Dal punto di vista iconografico, le statue offrono una rappresentazione canonica del sovrano della XVIII dinastia, con elementi che sottolineano la sua autorità divina e politica. La presenza della regina Tiye ai piedi del faraone non è un dettaglio secondario, ma un segnale del ruolo centrale che la consorte ebbe nella politica interna ed estera del regno. La scelta dell’alabastro, materiale chiaro e sensibile alla luce, amplifica l’effetto visivo delle figure nel paesaggio, una qualità ben nota agli architetti e agli scultori dell’epoca. I restauratori hanno cercato di restituire questo rapporto con la luce senza forzature, utilizzando materiali moderni compatibili e sistemi di ancoraggio non invasivi.

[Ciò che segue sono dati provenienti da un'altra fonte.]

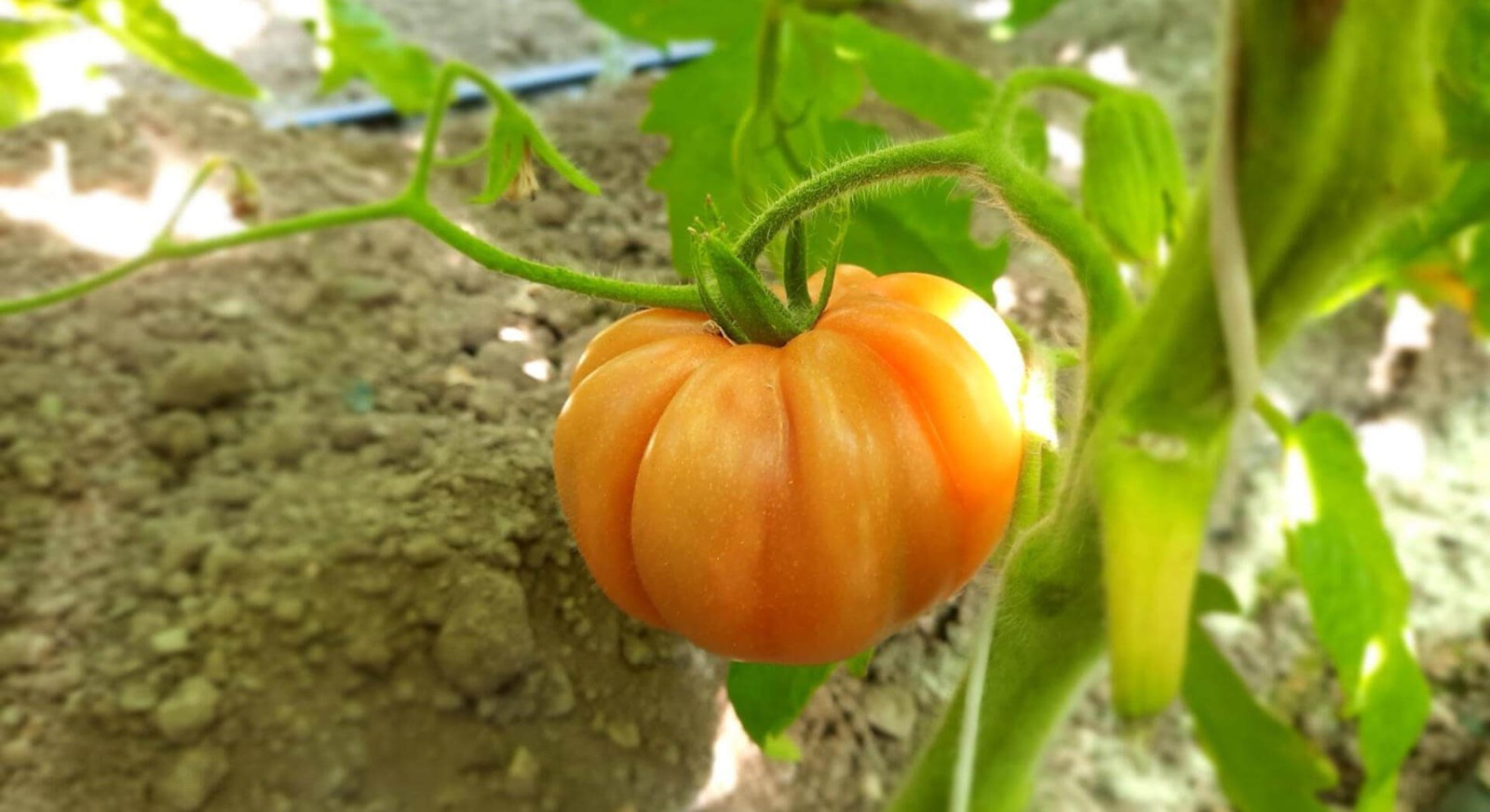 Come coltiviamo i pomodori cuore di bue 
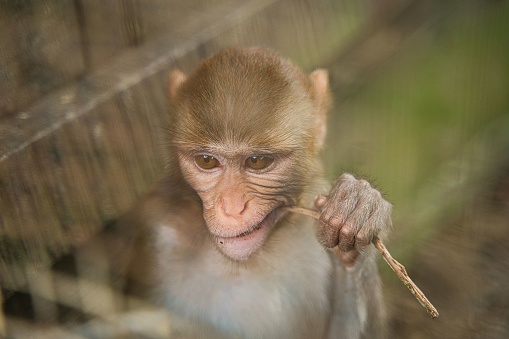 An adorable macaque monkey stares inquisitively with an amusingly expressive face while gripping a bundle of sticks in its hands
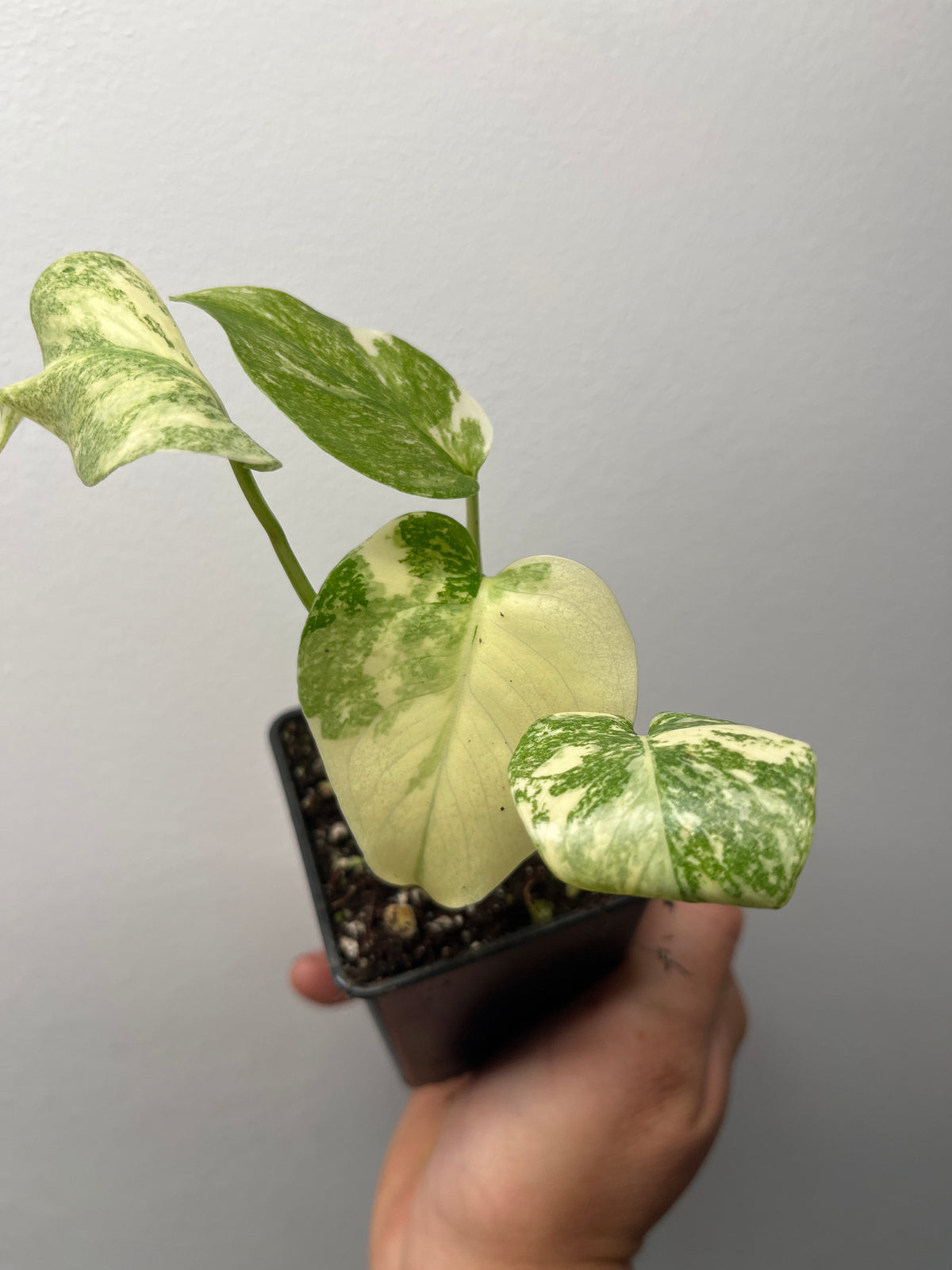 Monstera Thai Constellation Crème Brûlée - Rare Monstera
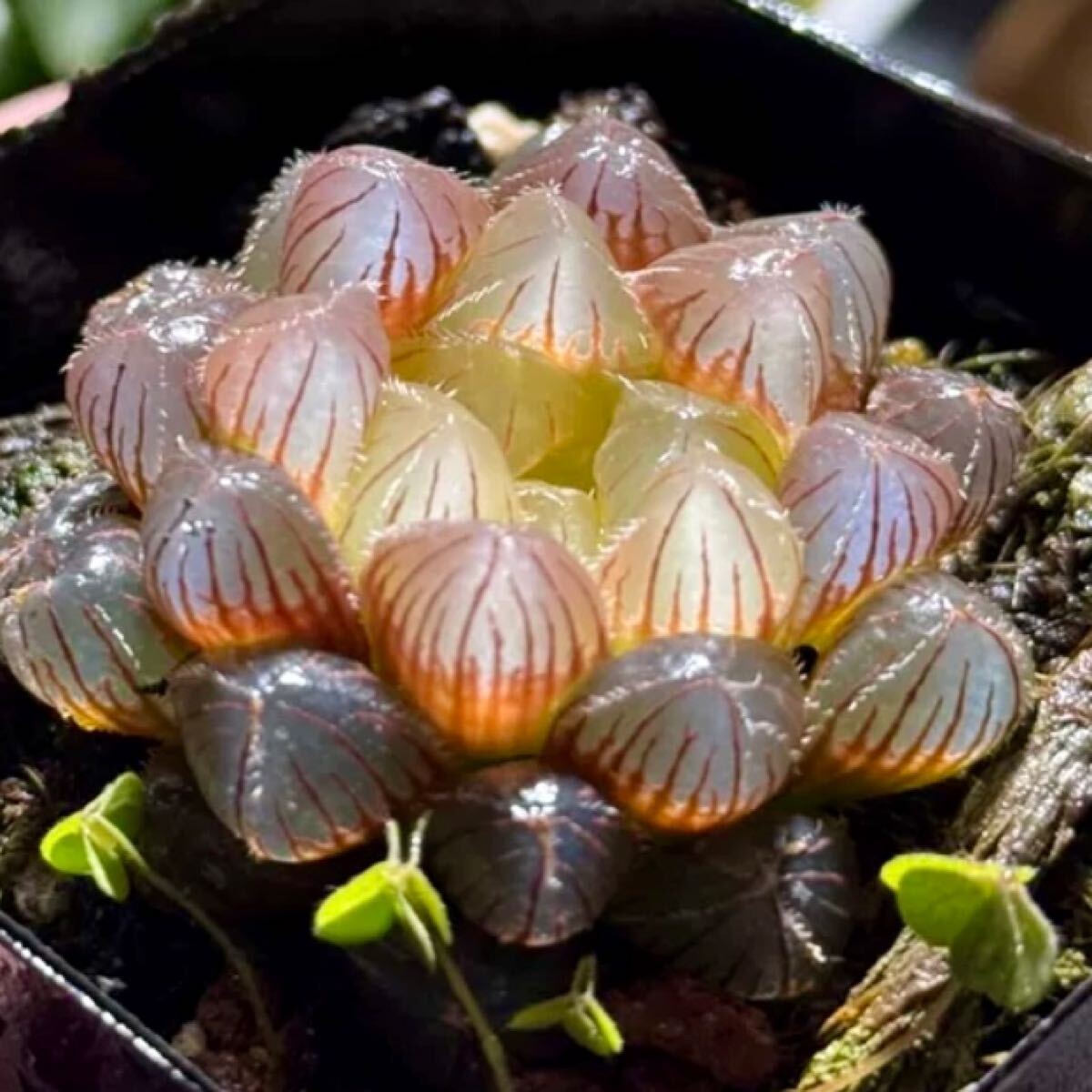 ｖ☆１２１１　ハオルチア　紅タテハ　実生オリジナル繁殖苗 ｖ☆１２１１ ハオルチア 花ミズキ 実生オリジナル繁殖苗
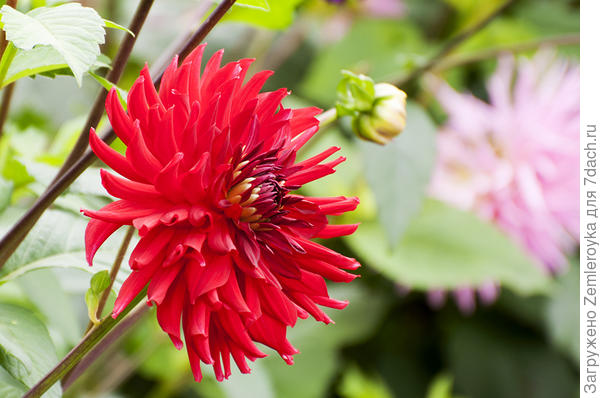 Аленький, осенний цветочек для нашего админа!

Rialzare due colossi in alabastro in un contesto come quello di Luxor Ovest comporta anche una riflessione sui rischi ambientali. L’erosione, le variazioni di temperatura, la salinità del suolo e l’impatto del traffico turistico sono fattori costantemente monitorati. Per questo il lavoro è stato condotto per fasi, con un controllo periodico degli ancoraggi e delle superfici più delicate. Mentre l’attenzione mediatica si concentra sulle statue appena inaugurate, la ricerca archeologica continua nelle aree circostanti, dove emergono nuovi elementi utili a comprendere l’estensione e la complessità del tempio funerario.
Il rialzamento dei colossi di Amenhotep III rappresenta quindi un tassello significativo di una politica culturale che punta a trasformare il patrimonio archeologico in una risorsa economica stabile, senza rinunciare al rigore scientifico. Il messaggio che emerge da Luxor è che la conservazione richiede tempo, competenze e una visione di lungo periodo. Se questa linea verrà mantenuta, il sito continuerà a essere un punto di riferimento non solo per i visitatori, ma anche per la comunità scientifica e per le popolazioni che vivono attorno a uno dei paesaggi archeologici più complessi del Mediterraneo.
Fonti: Ministero del Turismo e delle Antichità egiziano; Supreme Council of Antiquities; Missione archeologica di Kom el-Hetan diretta da Hourig Sourouzian; UNESCO; comunicati ufficiali del Grand Egyptian Museum; agenzie di stampa internazionali.